Parallel to US electric utility targeting, ALLANITE conducted equivalent operations against UK electric utilities using the same TTPs and toolset. The UK operations are referenced consistently alongside US activity in both Dragos's profile and the MITRE ATT&CK ICS group entry, indicating that ALLANITE treats US and UK electric infrastructure as equivalent targets within a single operational mandate. The simultaneous targeting of both US and UK electric sectors is consistent with the strategic interest of an actor tasked with understanding and gaining access to Western allied electric infrastructure — both countries are NATO members and Five Eyes partners, making their combined grid access a significant intelligence and contingency capability.
ALLANITE vs. Dragonfly: The Distinction That Matters
Dragos explicitly distinguishes ALLANITE from both Dragonfly (Energetic Bear) and DYMALLOY despite similar targeting and overlapping techniques. Understanding why Dragos treats these as separate actors — and why that distinction matters for defenders — requires examining the specific differences.
- No Custom Malware: Dragonfly developed Havex — a purpose-built RAT with ICS-specific OPC scanning capability. ALLANITE has no equivalent. The complete absence of custom malware is the single most operationally significant difference, as it eliminates the malware-analysis pipeline that generated most of the public technical intelligence about Dragonfly's operations. There are no Havex samples to reverse-engineer, no C2 domains to sinkhole, no binary indicators to push to endpoint products. ALLANITE's operational footprint in forensic data looks like a system administrator with bad password hygiene.
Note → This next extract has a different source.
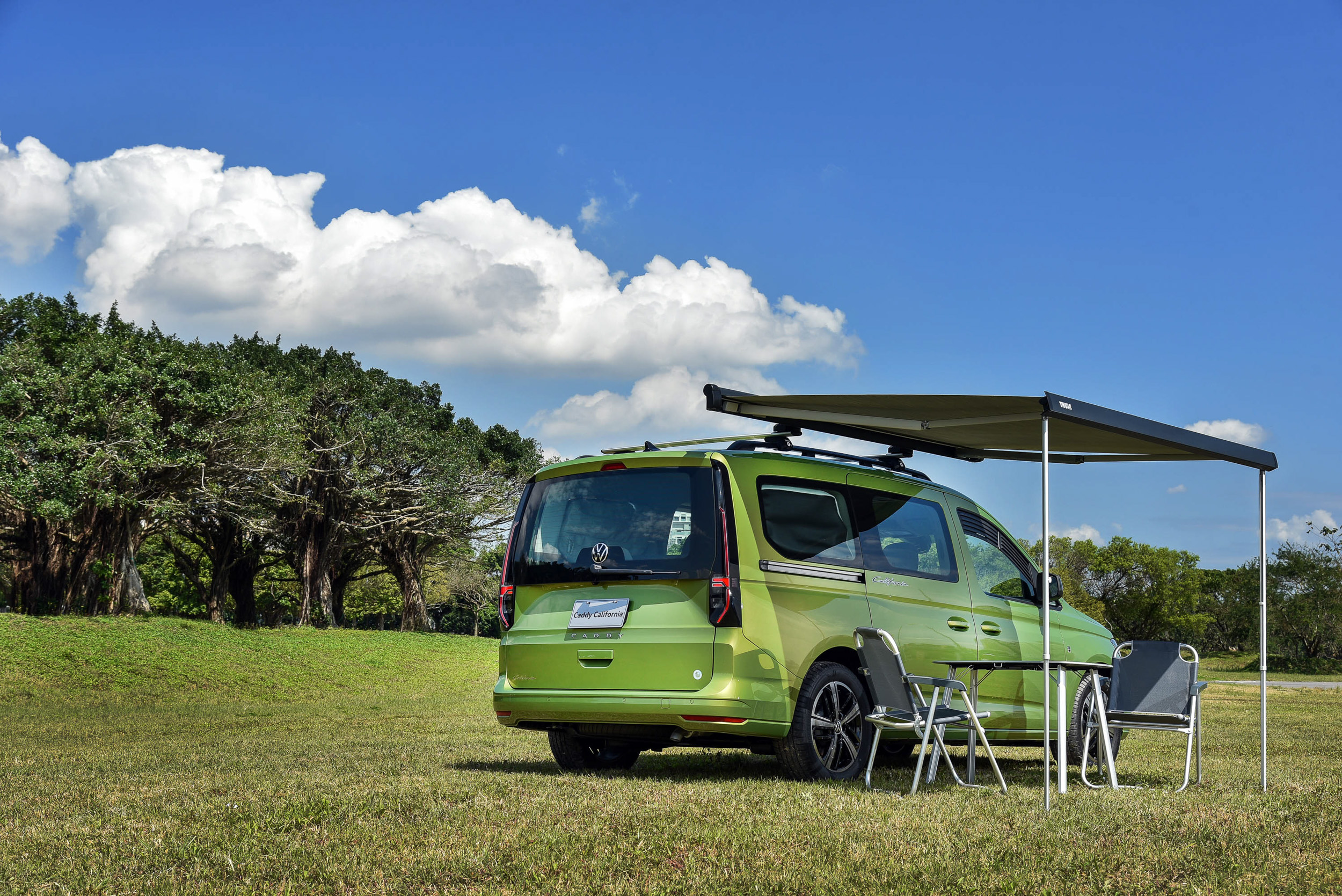 伸縮式車側遮陽棚。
- Overlapping DHS Attribution: The DHS's October 2017 TA17-293A alert combined both Dragonfly/DYMALLOY tactics and ALLANITE activity in a single document. Dragos's formal analysis identified these as separate actors that were operating in the same target space during the same timeframe — generating an overlap in the government's public reporting that obscured the distinction. This conflation created public confusion about whether ALLANITE was a subset of Dragonfly or a distinct entity.
- Stage 1 vs. Stage 2 ICS Kill Chain: Dragonfly 2.0 demonstrated advanced Stage 2 ICS Kill Chain access — it reached circuit breaker control interfaces and acquired the operational knowledge to take disruptive action — but no documented Dragonfly operation has resulted in confirmed manipulation of ICS devices or a power disruption in the United States or United Kingdom. ALLANITE, per Dragos's documentation, has demonstrated only Stage 1 capability: reconnaissance, credential collection, and intelligence gathering. The HMI screenshots confirm ICS network access, but no ALLANITE operation has documented control of or interaction with ICS devices beyond observation. Dragos's assessment of disruptive capability development suggests Stage 2 access remains the operational goal rather than a current demonstrated capability.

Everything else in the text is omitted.